(DATASET SECTION)
⁂
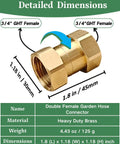 Heavy Duty Brass Garden Hose Female To Female Adapter For Leak Proof Connections, Double Female Three Quarter GHT Connector For Sprinklers, Irrigation, RV And Pool Use, Fits Most Hoses With Precision Threads, 3/4 GHT female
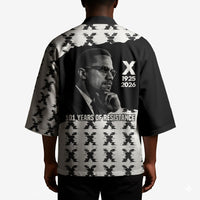 Malcolm X 101 Years Of Resistance Kimono Civil Rights Leader Portrait - Monochrome X Pattern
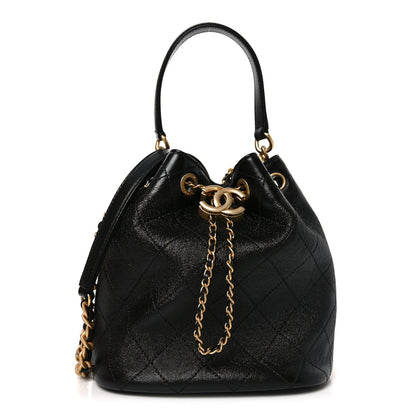 Chanel Shiny Lambskin Quilted Fashion Therapy Bucket Drawstring Bag Black 1 of 10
⁂
(WHAT YOU WILL DO) Please return the full listing exactly as given, with the images left out.

(ANSWER BOX)
 Heavy Duty Brass Garden Hose Female To Female Adapter For Leak Proof Connections, Double Female Three Quarter GHT Connector For Sprinklers, Irrigation, RV And Pool Use, Fits Most Hoses With Precision Threads, 3/4 GHT female
 Malcolm X 101 Years Of Resistance Kimono Civil Rights Leader Portrait - Monochrome X Pattern
 Chanel Shiny Lambskin Quilted Fashion Therapy Bucket Drawstring Bag Black 1 of 10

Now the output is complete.